In these, they ferried their effects across the stream,
which was six hundred yards wide, with a swift and strong current. Three
men were in each boat, to manage it; others waded across pushing the
barks before them. Thus all crossed in safety. A march of nine miles
took them over high rolling prairies to the north fork; their eyes being
regaled with the welcome sight of herds of buffalo at a distance, some
careering the plain, others grazing and reposing in the natural meadows.

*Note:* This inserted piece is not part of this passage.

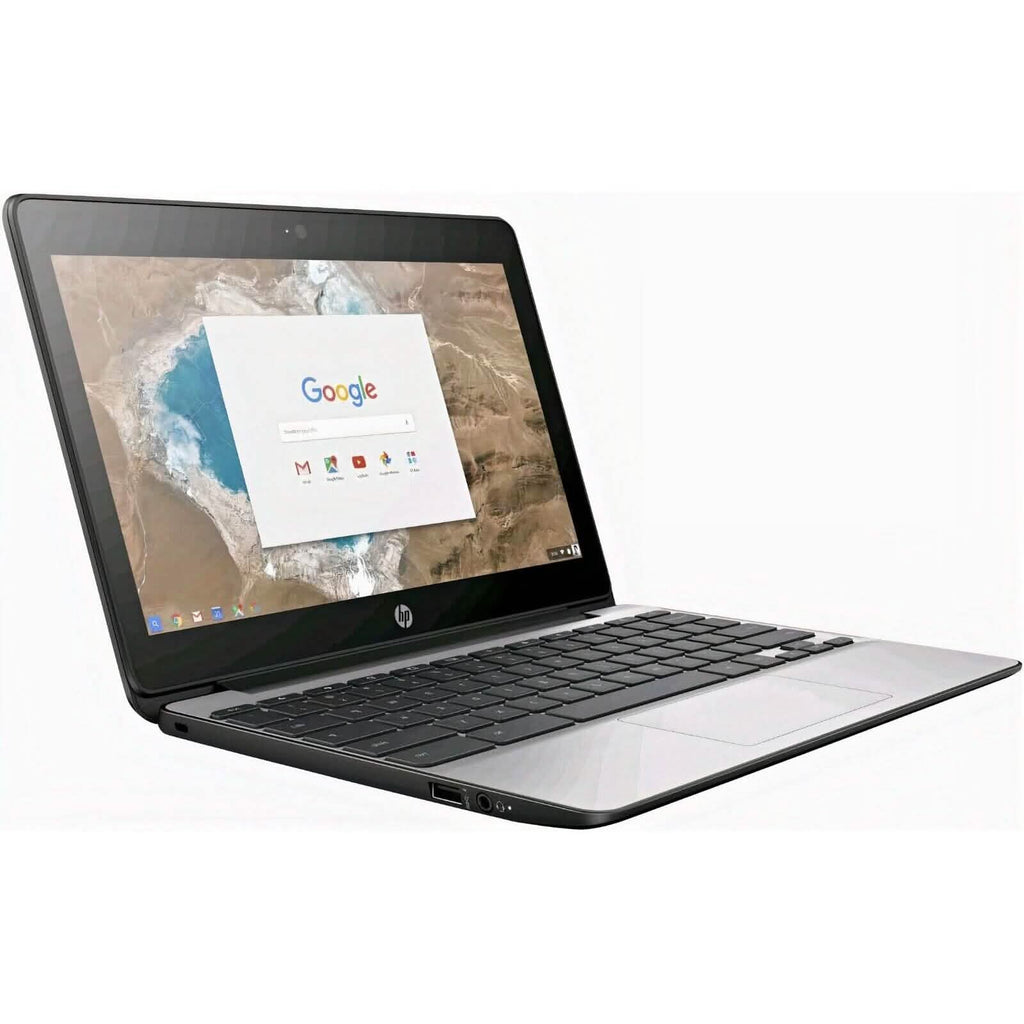 HP Chromebook 11 G5 11,6" tactile Intel N3050 1,6 GHz 4 Go RAM 16 Go SSD (Reconditionné)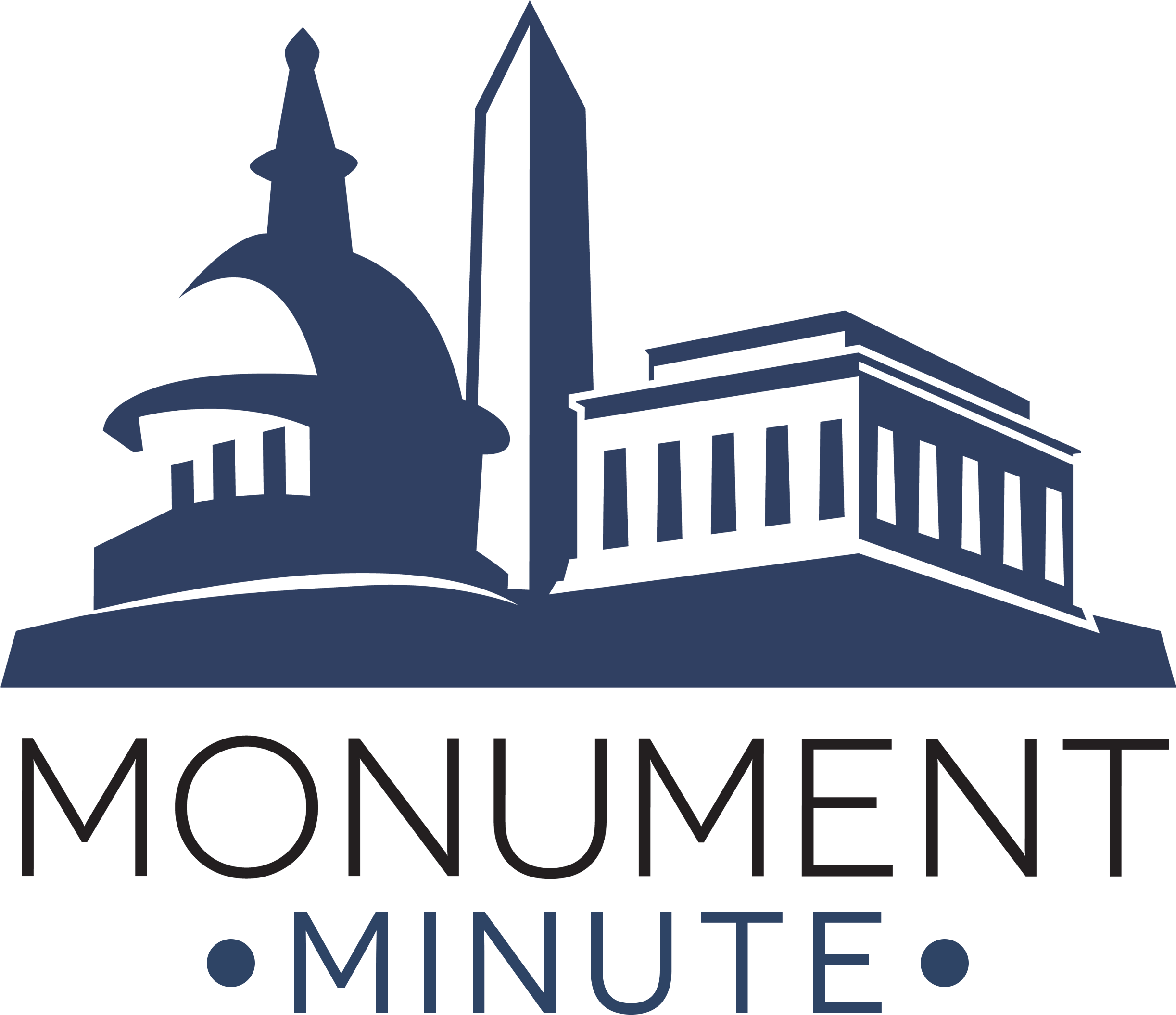 Courthouse Png Black And White Stock - Monument Policy Group (2845x2426), Png Download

Skirting along the north fork for a day or two, excessively annoyed by
musquitoes and buffalo gnats, they reached, in the evening of the 17th,
a small but beautiful grove, from which issued the confused notes of
singing birds, the first they had heard since crossing the boundary
of Missouri. After so many days of weary travelling through a naked,
monotonous and silent country, it was delightful once more to hear
the song of the bird, and to behold the verdure of the grove. It was
a beautiful sunset, and a sight of the glowing rays, mantling the
tree-tops and rustling branches, gladdened every heart. They pitched
their camp in the grove, kindled their fires, partook merrily of their
rude fare, and resigned themselves to the sweetest sleep they had
enjoyed since their outset upon the prairies.
The country now became rugged and broken. High bluffs advanced upon the
river, and forced the travellers occasionally to leave its banks and
wind their course into the interior.